Ocean Grove boardwalk reopens after Sandy damage

WAYNE PARRY
Associated Press

OCEAN GROVE, N.J. (AP) — With the ceremonial reopening of the Ocean Grove boardwalk Thursday morning, most of the Jersey shore’s boardwalks are back in business following Superstorm Sandy.

The walkway in the Ocean Grove section of Neptune Township was the final major project to rebuild a boardwalk damaged by the storm, but it was not the last.

Part of Long Branch’s storm-wrecked boardwalk won’t be repaired until this fall. And the Seaside Park boardwalk, destroyed by a spectacular fire last September, is just about finished and will be connected to the walkway in neighboring Seaside Heights by this weekend.

Gov. Chris Christie chose the Ocean Grove boardwalk — which will have one last section rebuilt in the fall — to kick off the July 4 weekend and take stock of the shore’s recovery from the October 2012 storm.

He said the reconstruction of the walkway represents “a cap on another stage — not the completion — of our recovery from Hurricane Sandy. If you look at where we are today in New Jersey compared to the way we felt on Oct. 29, 2012, we have all done an excellent job.”

Dale Whilden, president of the Ocean Grove Camp Meeting Association, which owns the walkway and the land in Ocean Grove, had been counting the days to recovery.

“It was 613 days ago that Hurricane Sandy destroyed and wreaked such havoc at the Jersey shore,” he said. “It has been a long road.”

The association, a privately run religious group, got turned down twice by the Federal Emergency Management Agency for repair money before prevailing on the third try. Ocean Grove eventually got $2.36 million for its boardwalk.

Long Branch, whose main oceanfront walkway is an elevated stone structure called the Promenade, still has a mile-long section of wooden boardwalk that was damaged by Sandy and needs to be rebuilt, along with the earthen bluff that supports it. The city received the $14.5 million in funding in January but has yet to agree on a design acceptable to FEMA, meaning the work won’t start until fall.

The plan under consideration calls for moving the boardwalk back from the edge of the now-eroded cliff it once sat on, shoring up the bluff and protecting it with some sort of rock or steel wall at its base.

Founded as a Methodist seaside religious retreat just south of Asbury Park, Ocean Grove is listed on the National Register of Historic Places for its widespread Victorian architecture.
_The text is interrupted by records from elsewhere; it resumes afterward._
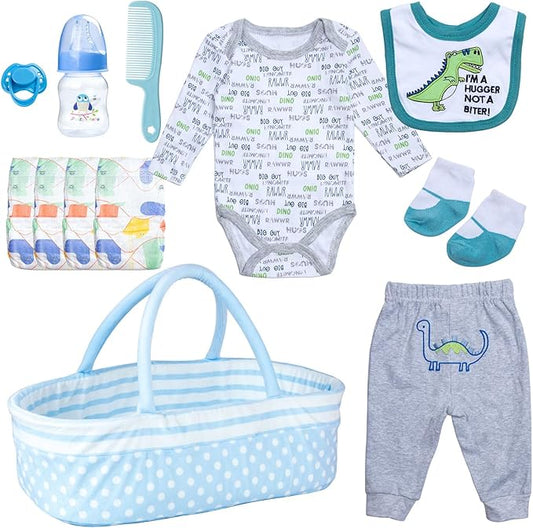12Pcs Reborn Boy Baby Doll Clothes Accessories Dinosaur Clothes for Reborn Baby Doll 17-22 Inch Realistic Outfits with Bassinet Diapers Blue Newborn Doll Stuffs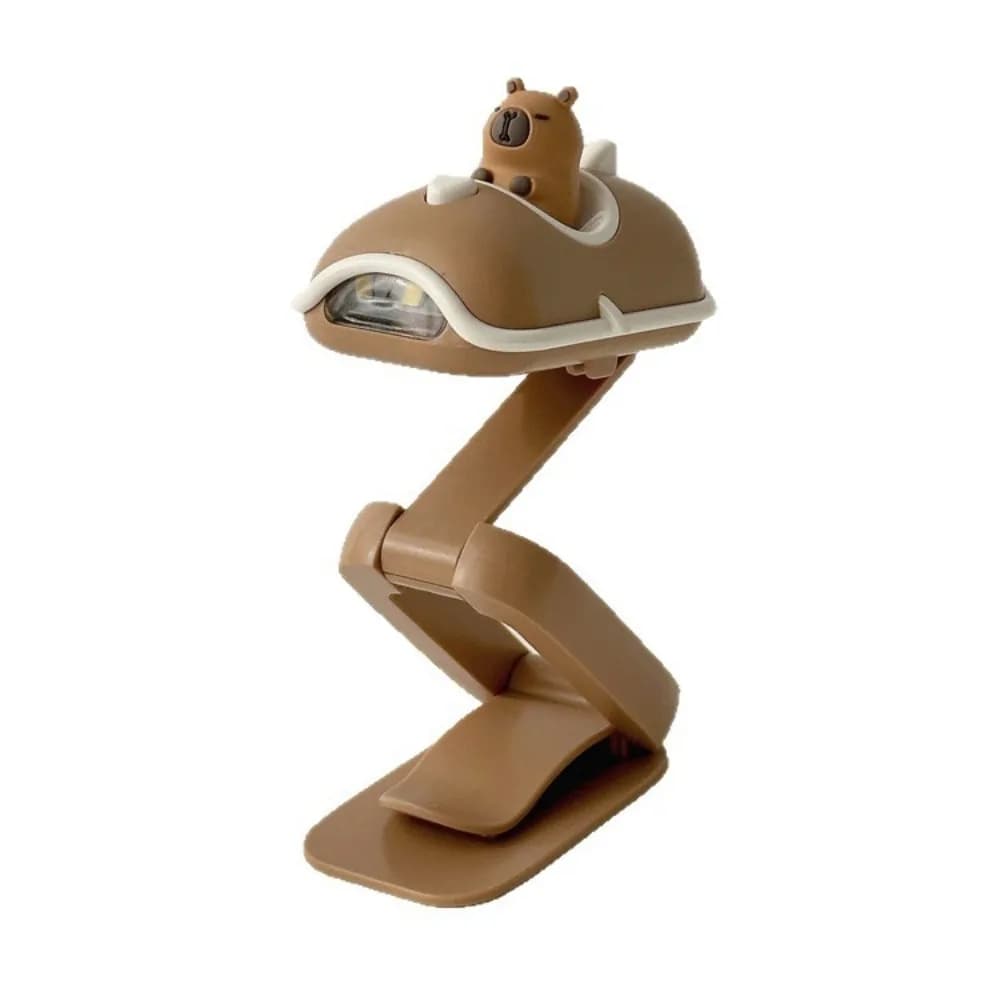 Lampada da Lettura a Forma di Capibara Cartoon, Luce Creativa Regolabile Pieghevole, Lampada Portatile a Batteria per Studio e Scrivania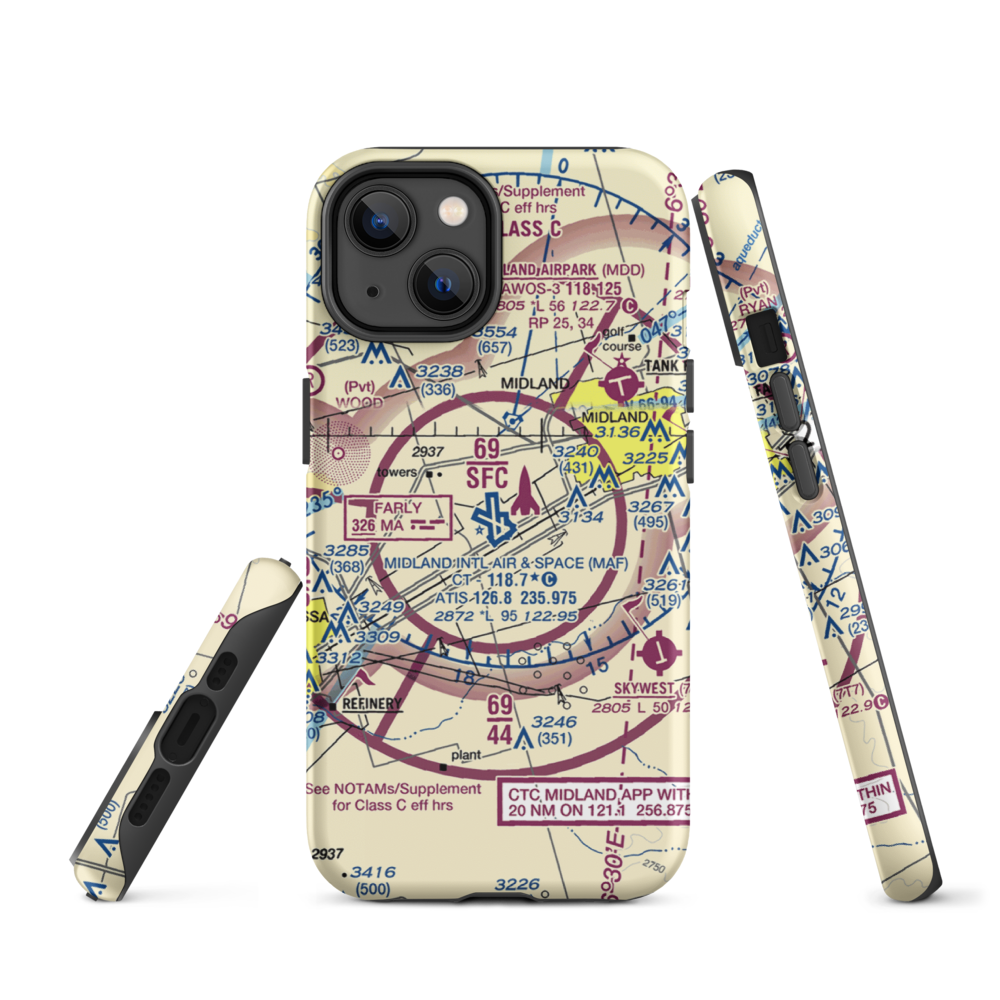 Midland International Airport (MAF) VFR Sectional  Tough iPhone Case iPhone 14 model shown
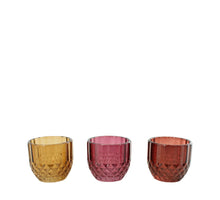 Tealight holder glass 6.5x6.5x5.8cm 3 assorti Purple mix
Centered on a church called the Great Auditorium, it has a population of about 3,300 year-round residents that grows each summer when founding family descendants rent 114 tents on wooden platforms near the auditorium to be close to its religious services. The place that calls itself “God’s square mile at the Jersey shore” keeps its beach closed on Sundays until after noon.

Its pier also was damaged in the storm, and FEMA denied reimbursement for that as well. The association is appealing that decision, too.